Will Air India, the sinking national carrier that’s being propped by government cash infusions, be listed on the exchanges?
The Dharmadhikari Committee, which has worked out a human resources plan for the merged Air India, seems to thinks so. In its report, which was made public for the first time today (21 June), the committee has recommended that Air India be listed on the stock exchanges and employees be given stock options as part of a voluntary retirement scheme (VRS). The suggestion has been made for 7,000 of Air India older employees to bring the airline on a par with the industry in terms of manpower to aircraft ratio.
Seems this is the solution being proffered: the golden handshake to employees to be offered VRS will be paper gold (employee stock options), and the listing is being sought to give them an exit at some point, in case Air India is fit to be listed.
Civil Aviation minister Ajit Singh has already committed to implementing the findings of this committee quickly, but it remains to be seen if the government is in any hurry to even consider taking the airline public, especially when it is in the midst of a prolonged pilot strike.
The report said: “The committee recommends a viable VRS to all categories of employees with a sizable proportion of the benefits being made available in the form of ESOPs (stock options). In view of severe financial constraints, Air India management may approach government to support a viable VRS scheme and also seek urgent decisions facilitating the implementation of the ESOP option (including valuing all tangible assets of the company within and outside the country, listing of the company in the stock market, allocating a fraction of total shares for the purpose, etc.) for such voluntary retirees and also the regular employees in lieu of arrears payable to them.”
Another startling recommendation is that instead of continuing with the performance-linked incentive (PLI) scheme in its present form — where fixed allowances are paid — the airline should offer a maximum of two service extensions of one year beyond 58 years to deserving employees. So if a senior employee is found eligible, he or she can extend service in Air India for two years on a contractual basis.
But how does this rationalise the airline’s manpower? The report says this extension can be given to only 10 percent of employees in each grade.
On the issue of free passages also, the committee has made detailed recommendations. Passages allow employees free travel for family members. At present, any one from mother-in-law to aunt and siblings are allowed free passage but this list will now be restricted to just immediate family members – self, spouse, children and dependent parents.
The committee has recommended that instead of free passage anytime, “Home travel concession (HTC) be given for self and family once every year; LTC, once in every two years, anywhere in the country, and LTC (Foreign) once every three years anywhere in the world where Air India is flying on confirmed basis. Entitlement of the class of travel would be as existing on date… During HTC and LTC, the employees can avail encashment of 10 days’ leave annually, available in their account.
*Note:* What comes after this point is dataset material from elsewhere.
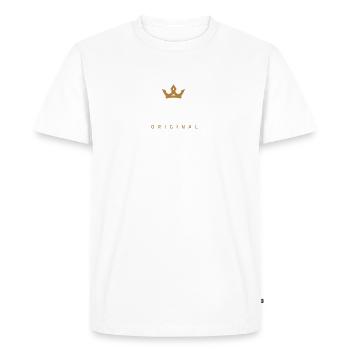 Logo original de la famille Peter - T-shirt Premium bio Homme - blanc - Devant - Nico (187cm)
This encashment of 10 days’ leave would be in addition to the encashment of leave available at the time of retirement.”
For retired Air Indians, free passage has been removed and instead they will now be allowed confirmed booking at 50 percent of the lowest fare any time they want to travel.
Singh has already said that the implementation of this report will save the airline Rs 200 crore annually since all incentives would be based on actuals and manpower at all levels would be rationalised.